In my last post I discussed how confidence is a critical ingredient in being successful in an interview. I also mentioned how useless this “insight” may seem to those of you who are suffering from a bout of insecurity about your job prospects. Well I wanted to write a little “how to” for those of you looking to have greater success on interviews by improving your confidence.
The first thing to recognize is that everyone (and I mean everyone) suffers from insecurity. Really. I mention this because earlier in my career I was hamstrung by moments of anxiety and was completely convinced that I was the only one who was affected by this. I was at a party and I saw some hipster who (I thought) was much smarter, better looking, cooler etc., have a visible moment of social angst. My world changed in that moment. Looking back it sounds stupid, but until then I really thought I was the only one to harbor self doubt. But it occurred to me that if this guy was feeling insecure, then there must be more people who go through this, right? It was such a relief to know that this was not a personal cross to bear but rather just a part of the human experience.

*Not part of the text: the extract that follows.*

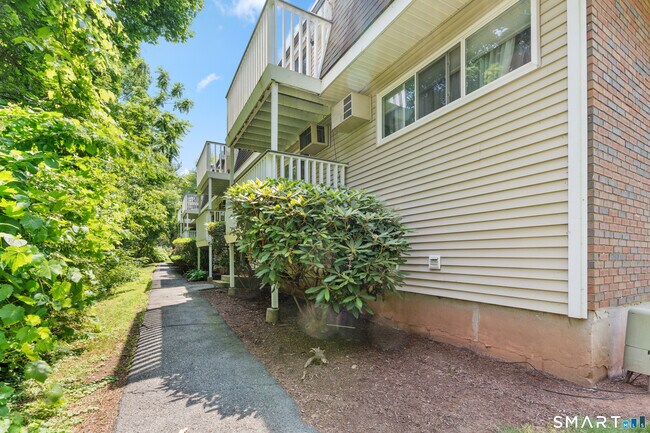 Building Photo - 80 Churchill Dr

So take some comfort in knowing that your moments of insecurity are shared with everyone – even the person who is interviewing you. The really popular guy in high school? Him too. The really scary bouncer at the club door? Yep. Everyone.
The next step is to begin to be conscious of your internal dialogue and what it is prompting you feel insecure. If you don’t know what your internal dialogue is, it is the voice in your head that is saying “what’s my internal dialogue?” Now empowering this dialogue is a key factor in self esteem and becoming conscious of this dialogue is a key part in overcoming self confidence issues. So the first step in keeping your internal dialogue from messing up your mojo is simply becoming aware of it. To do this, spend the next few days listening to yourself think and notice when your internal dialogue says something contrary to your understanding of yourself. If you are anything like me it will happen quite frequently.
Now, many of you might argue that your internal dialogue is actually you. It’s not. Want proof? Try controlling your internal dialogue – you can’t. It will say what it says whether you want it to or not. But by being aware of your internal dialogue you will begin to make choices about whether or not you want to empower what it is saying. For example – you are interviewing with someone and after you finish with an answer the interviewer furrows his brow. Your internal dialogue says “Oops, wrong answer – you screwed that one up!” If you are aware of your internal dialogue you can choose to empower that explanation or choose a powerful one that empowers you. One like “He is baffled by the brilliance of my answer and needs to ponder my vast intelligence by furrowing his brow.”
After a while of paying attention to your internal dialogue you might begin to understand that you have another sense of self that is much stronger than the fickle shifts of your internal dialogue. Empowering that part of you is where true confidence lies.
Another tactic that will positively impact your confidence is to focus on your success in life. We humans tend to focus on the negative – and you know how that ends up. So before an interview look at what you know about that job and take some time to get clear of instances from your personal history where you did great work on similar projects. Keep your focus on those accomplishments and know that you are capable of doing so again. Let that momentum carry you into the interview.
Another helpful tactic is to focus on what you like about the person with whom you are meeting. If I keep focusing on someone’s great head of hair I can crowd out negative internal chatter.
Finally, give yourself a little space and freedom. People have written countless volumes about this very subject so don’t expect yourself to tackle all this at once. But know that just by asking these questions you will start to improve your confidence.
Hope this was helpful in finding a job you love.